TELL me more about the cost. Glass comes in three sizes — 43 inch for £649, 55 inch for £849, and 65 inch for £1,049. All come with the same features. Sky says this is a saving of 30 per cent on a similar TV and soundbar.


WHAT if I don’t want to splash out that much? Sky reckons most customers will pay for it monthly along with a TV package in the same way they pay for a phone handset and mobile contract.

The 43-inch TV is £13 a month, 55-inch £17 a month and the 65-inch £21 a month along with a Sky package. The per-month TV prices are for four-year contracts.

That is on top of a Sky TV package, starting from £26 a month for the Ultimate — meaning a TV and Sky costs from £39 a month.
Pucks to stream content to other TVs are £50 plus £10 per month subscription.

HOW does the cost compare to Q? The TV packages are about the same as for Q. The standard Ultimate is £26 a month on both. You are just paying extra for the TV set if you get it by paying monthly.

DOES this affect Now TV? Now TV is also provided over the Internet. It was launched in 2012 as a pay-as-you-go alternative to Sky’s pricier and longer-term contracts.

It initially focussed on movies but expanded to sports and most shows. It will continue as a service for viewers not wanting to commit to contracts or don’t need the full bells-and-whistles Sky service.

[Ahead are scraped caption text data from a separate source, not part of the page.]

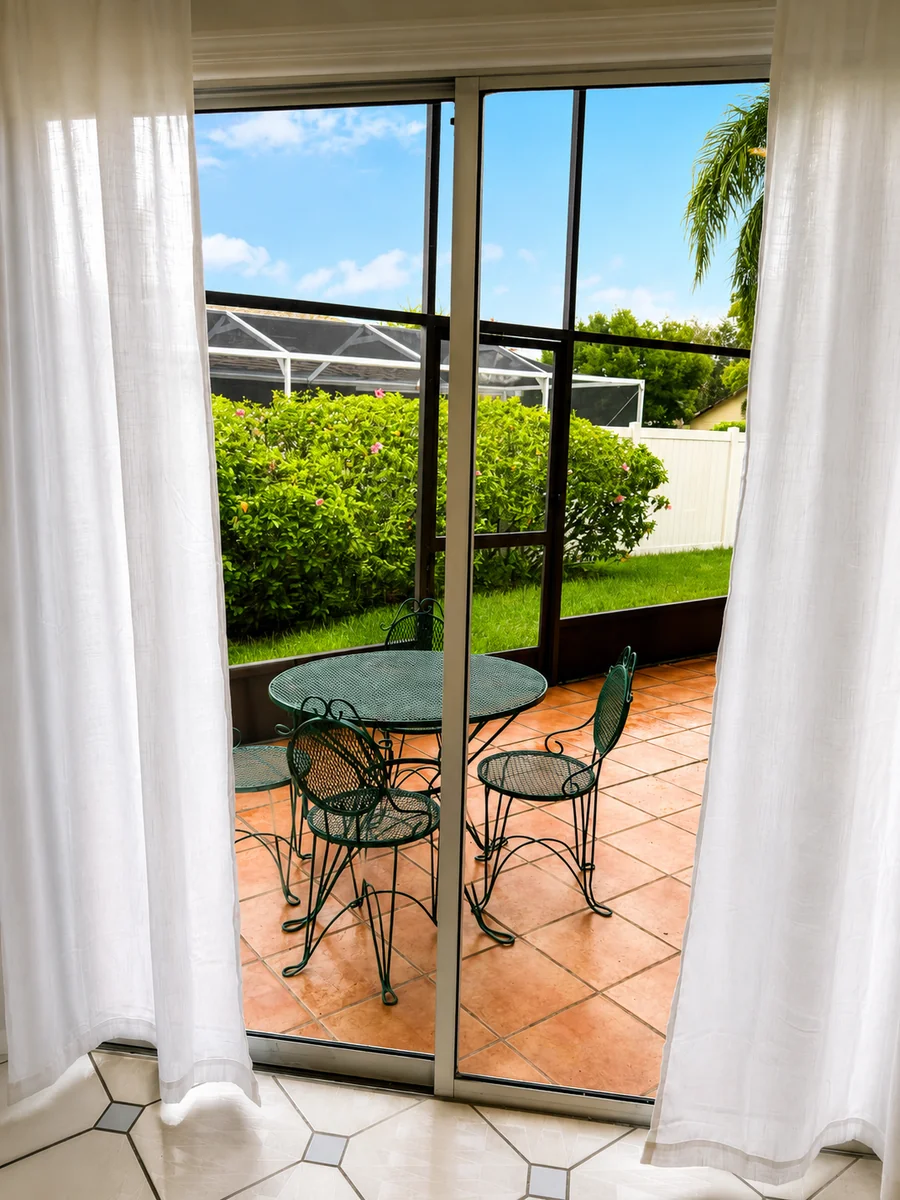 Screened porch with a round table and chairs, viewed through sliding glass doors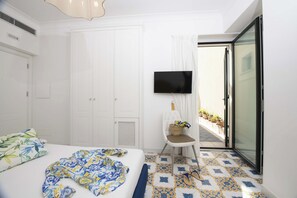 Une chambre d’hôtel avec un lit, une télévision, une chaise avec un panier, et un balcon agrémenté de plantes en pot.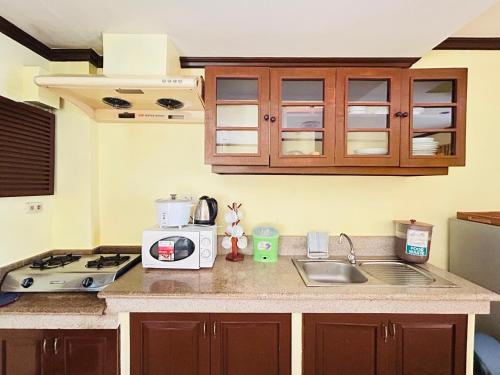 a kitchen with a sink and a microwave at Sheridan Villas Boracay in Boracay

IS Sky Glass easy to use? The revamped interface might be the best bit.
A new Playlist will house all viewers’ favourite shows in one place — whether from Sky, iPlayer, Netflix or others. It still has a TV guide, but Sky says it thinks more people will rely on its recommendations as it learns what families like.

WHAT about voice control? You can talk directly to the telly and even wake it by saying: “Hello, Sky.” Follow that with “show me the game” and you should get the big Premier League fixture of the day.

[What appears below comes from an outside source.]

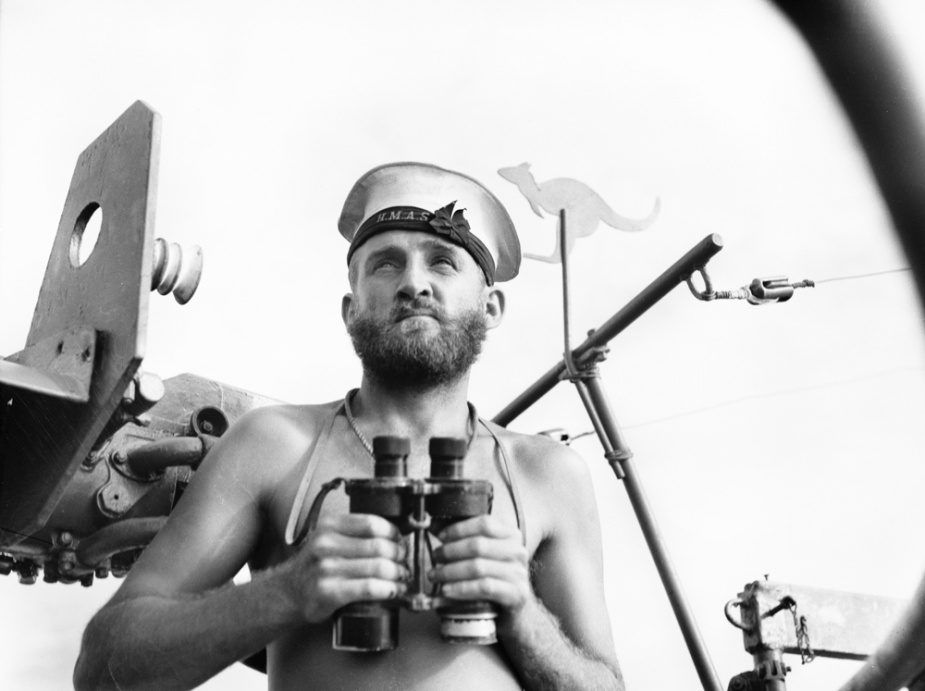 Able Seaman J Conway on watch in ML 802, Jacquinot Bay, New Guinea, 28 January 1945. Note the kangaroo cut-out attached above the gun mount. (AWM 078677)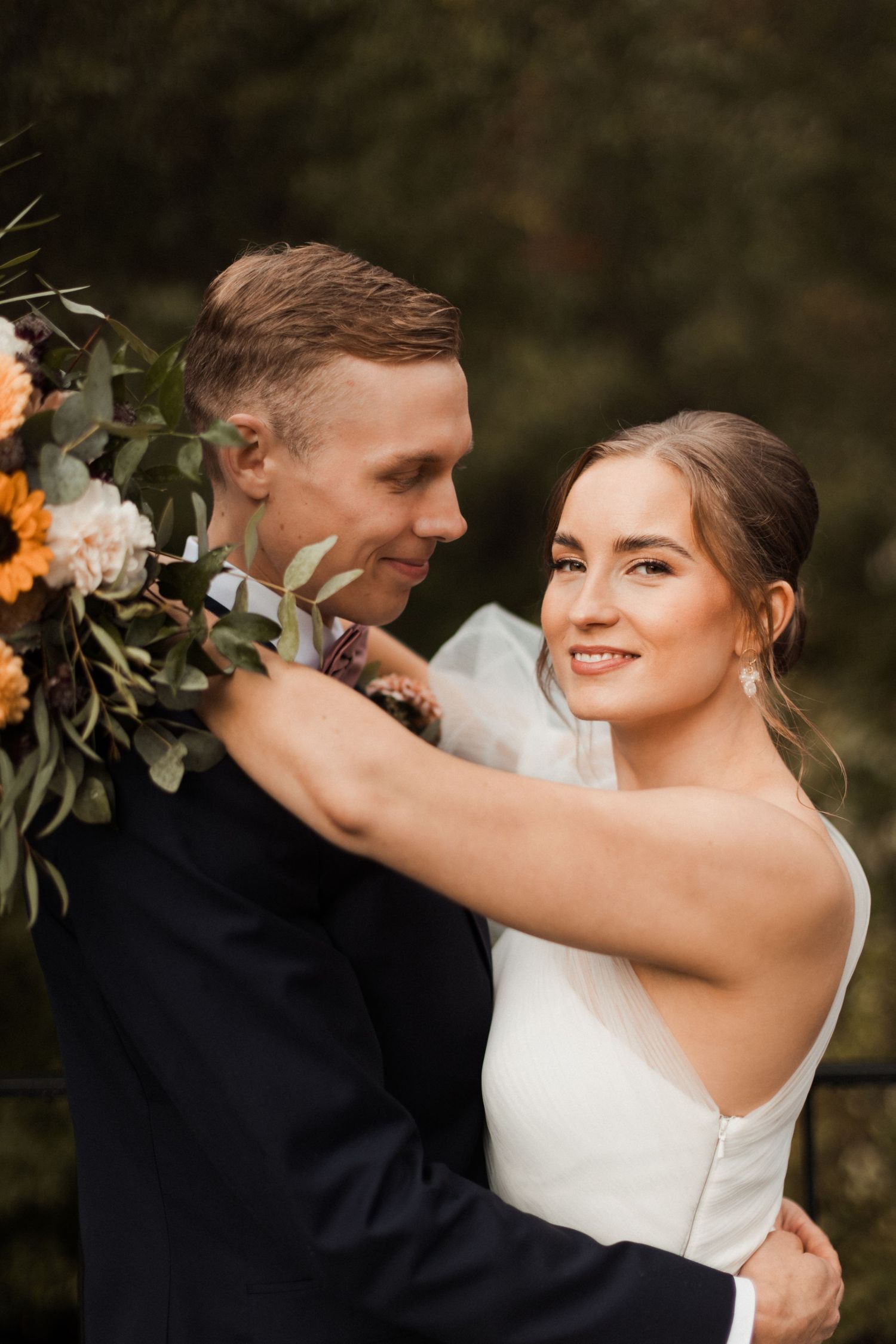 Intimate wedding moment captured between couple during autumn outdoor photoshoot.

SO I don’t need a remote? As anyone who uses Alexa or Siri knows, voice control is a long way from perfect. So there is a remote for those days when you and Glass just aren’t on the same wavelength.

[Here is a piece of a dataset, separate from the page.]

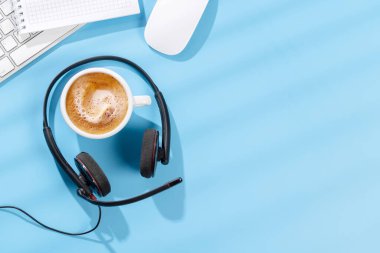 Kulaklık, ofis malzemeleri ve kahve ile üst düzey ofis masası. Güneşli ışıklı çalışma alanı ve kopyalama alanı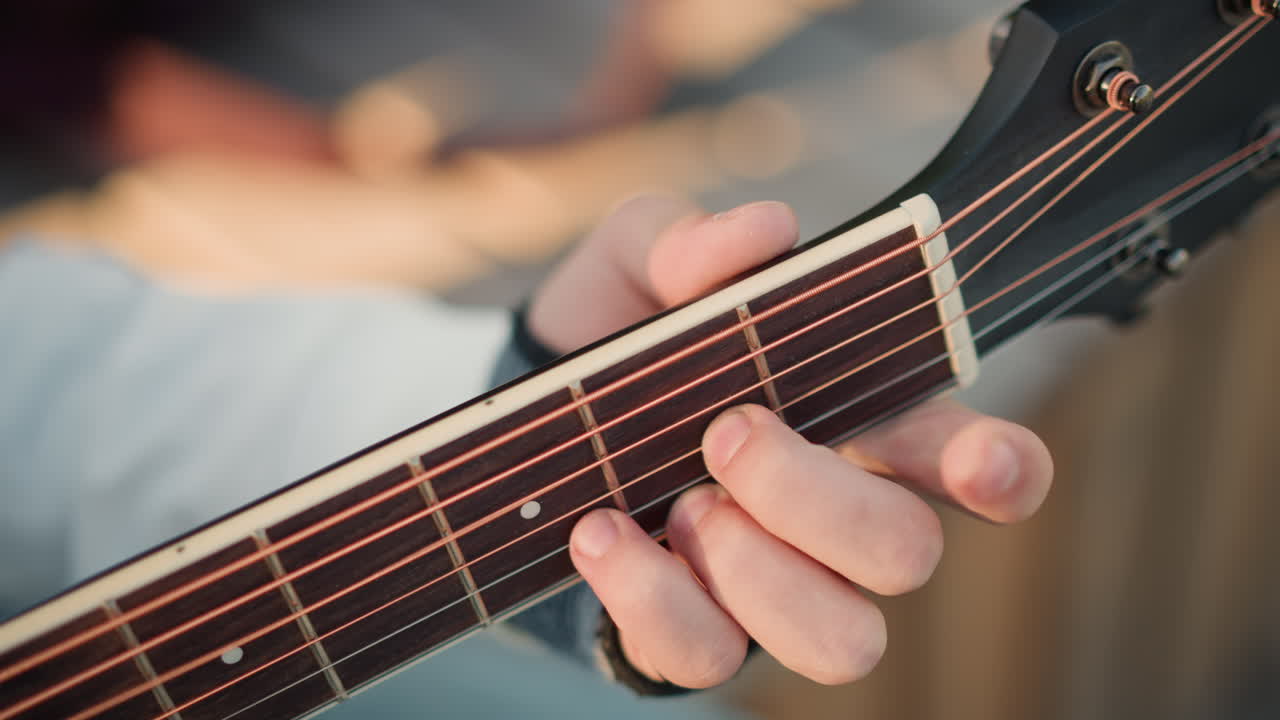 closeup hands on acoustic guitar fretboard showing unspecified person practicing fingerstyle technique, ring on finger, warm wood tones, detailed chord shapes, precise finger placement, tutorial mood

It also has a mic for when the noise in the living room means your voice won’t reach the telly.

WHAT if I have just spent my money on a flash new TV but want this new interface? For now, there is no option to get the new service with just a box and plug into a normal TV.

MY broadband is terrible. Should I get Glass? Absolutely not. You need fast and reliable internet, which millions of homes don’t have.
That is why Sky is set to offer Q via dish for many years to cater for those families.

WHAT else is different with Q? Sky Q has a hard drive built in so it can record and download shows to watch later. Many like keeping their favourite shows or movies, which they can’t do on Glass. In future Sky might add that to Glass. Also, Sky Q is not getting the swish new interface just yet.

WHAT does Glass look like? It is like a normal TV from the front, but with a soundbar at the base, and it is thicker to house the tech normally found in the set-top box. The TV also has a totally flat back for easy wall mounting.

It comes in five colours — black, pink, blue, green and white — and different wallpaper-style fascias can be added to the soundbar area.

Should I get it? If you are about to buy a new telly, and love Sky or want to get it, then yes. It will also appeal to those in flats who cannot get a dish — or snobs too embarrassed to have a dish on their home.


WHAT else can Glass do? A camera and motion sensor due to launch in the spring will enable you to use the TV for video calls, video games, fitness workouts and also watching shows or sports with others.

Zoom video calls will be available, with the camera following people if they move around the room.

Watch Together syncs TV content with other households so they can watch along together. Boxes down the side of the TV programme show other’s reactions, Gogglebox-style, as, say, a goal is scored or a film reaches a key moment.

The motion sensors allows for Nintendo Wii-style games and tracking fitness routines to make sure exercises are performed correctly.